Totally agree nadja, I am saving like crazy for a BOL. I Spend a lot of time window shopping on realtor.com as well.


----------



## nadja (May 1, 2012)

PrepperRecon, perhaps you could be looking at Alabama or Georgia, away from any big cities. Can you get to either of those areas on a full tank of gas from where you live and work?


----------



## Denton (Sep 18, 2012)

Listen, make sure you get to know your neighbors if you go and buy some land to use later. Don't be that stranger who appears out of nowhere with a bunch of guns, food and other miscellaneous survival tools and equipment stuffed in a travel trailer. Folks will talk about you, at the very least! :?


----------



## nadja (May 1, 2012)

People talking about you would not be the problem. The problems come in with what they are talking. We just got 4 new families that bought the 80 acres next to us. They came over and introduced themselves and asked us if them coming up from time to time to target shoot would be a problem. My wife said no, as long as they were careful where they were shooting. She told them if any of there stray bullets came over here, that I would return fire almost immediatly. They said that they were survivalist from down in the valley in Phoenix. Haven't seen them since. Don't care what they do, as long as they do it over there. That is how we feel. My friend Terry , who is ex Air America back in the day, is pretty much the same way. He lives about 1-2 miles away. There are about 15 of us, all ex military from the 60's, old, grumpy, but believe in live and let live. As long as you don't become a problem to us.


----------



## 1895gunner (Sep 23, 2012)

I'm also glad I'm a prepper. I don't know what life will bring in the future but I do know myself and family will have a better chance to survive in doing so. Thanks for all of the ideas listed on this site...

1895gunner


----------



## Lucky Jim (Sep 2, 2012)

Having a bugout location sounds good, but how can we be sure it'll still be there when we need it?
For example if this was our bugout cabin, it could be torched and trashed by anybody in our absence, and when we go out to it we'd find just a pile of ash.
Or even worse, what if we find it's still standing, but has been taken over by a mob?-


----------



## BoneHead (Nov 8, 2012)

if its taken over by a mob you need a tactic to reclaim it. I have no advice beyond keyboard commando "take them all out with a 10/22" jokes. 

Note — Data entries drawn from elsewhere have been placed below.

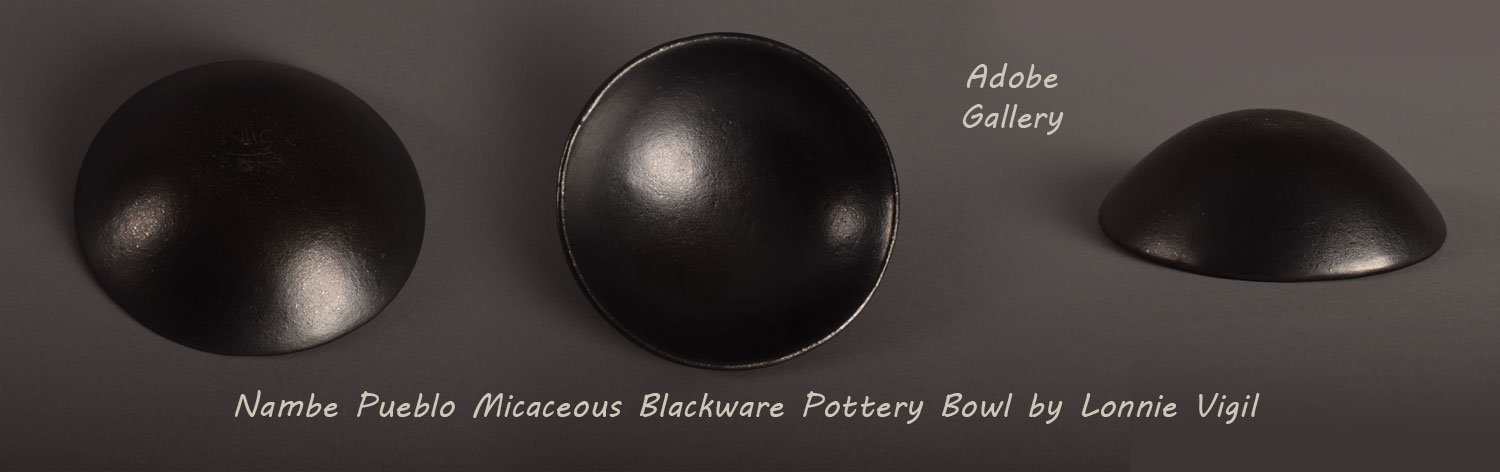 C4469B-large.jpg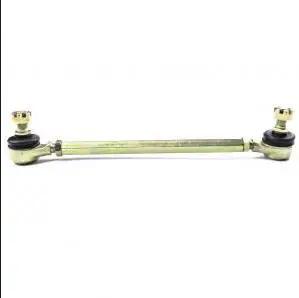 280mm 10mm Joiner perno barra 125cc Quad bici de la suciedad ATV Go Kart Dune Buggy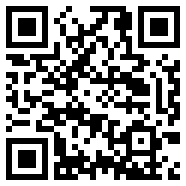 全民公主恋爱物语使用攻略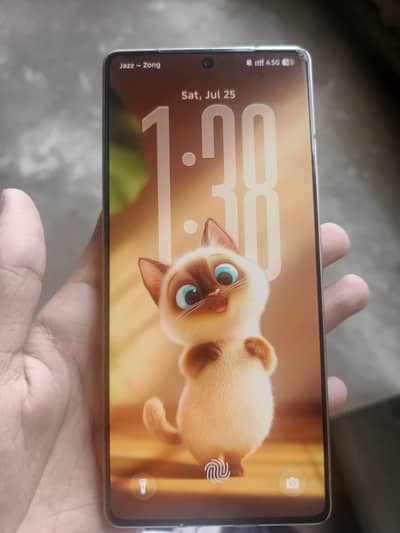 infinix note 50 16 256 10/9
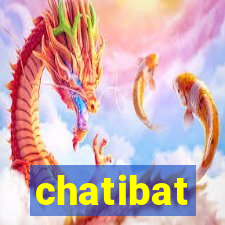 chatibat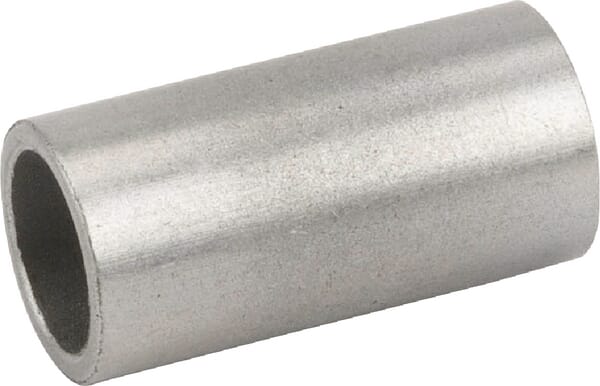 Spacer-0.382Idx0.500 - Snapper - Buchsen OE F&G - 1669585SM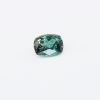 Color Change Garnet 1.66 cts Cushion-449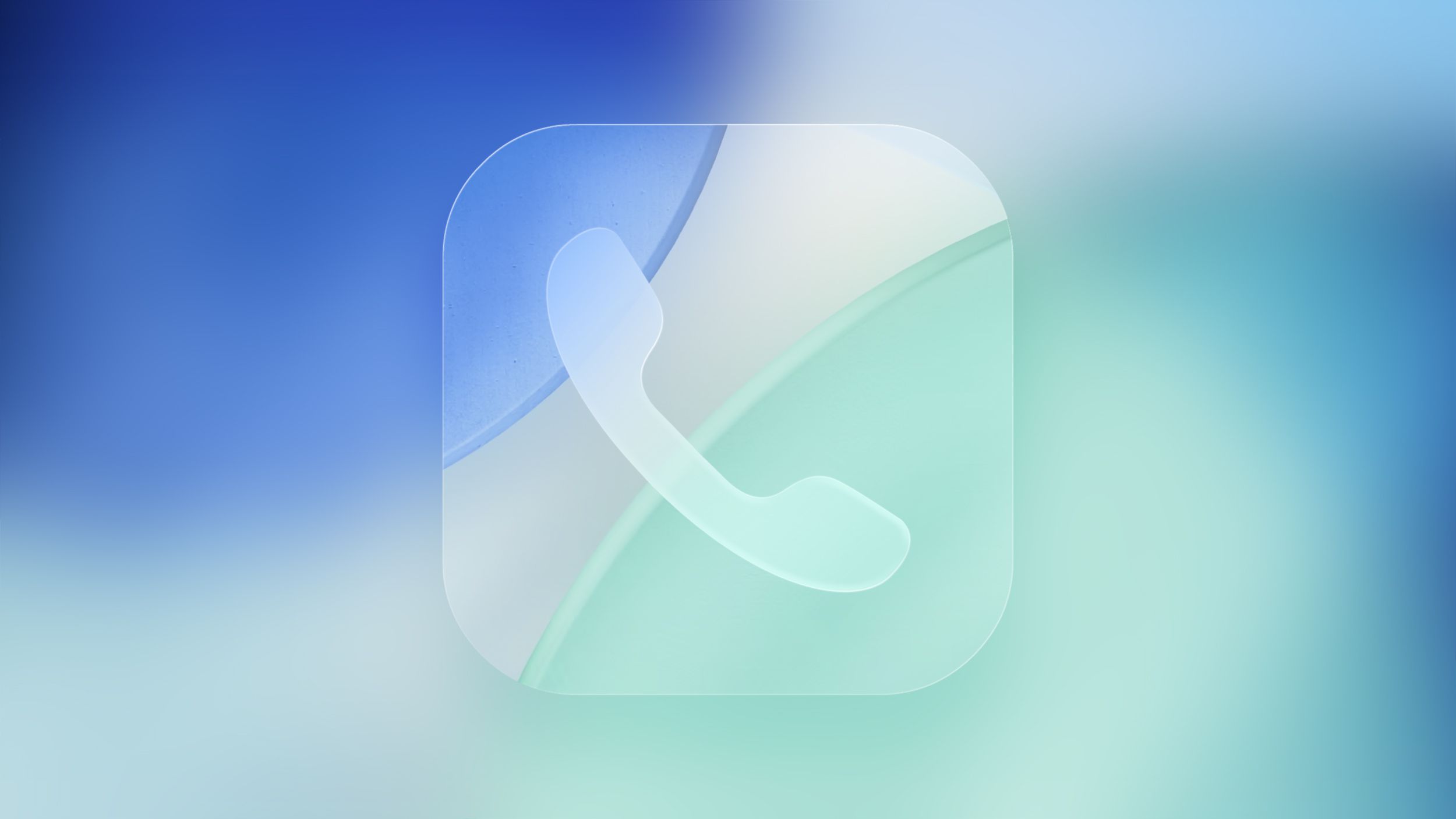 iOS 26: 10+ Features Coming to the Phone App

if i would find it burned down, I would do like a mountain man and start building a cabin from trees and mud.


----------



## Not Crazy Yet (Nov 11, 2012)

I just posted a thread on this:

http://http://www.prepperforums.net/forum/preppers-retreat-lodge/1660-underground-bunkers-overrated.html

My basic idea was are building underground bunkers really worth it? Obviously by burying it, there is a lower chance of being found, so you don't have to worry about roaming mobs of starving people, but is that really going to be that big of an issue if your bug out location is somewhere rural away from high population centers?


----------



## BoneHead (Nov 8, 2012)

suppose you do not want to be seen by people flying overhead? 

go deep and do your best to camouflage any heat signature.


----------



## Lucky Jim (Sep 2, 2012)

BoneHead said:


> suppose you do not want to be seen by people flying overhead?
> go deep and do your best to camouflage any heat signature.


Yeah and I hear the army use special anti-infra red camo nettings thrown over vehicles, so I suppose we could throw one over our hideout too.


----------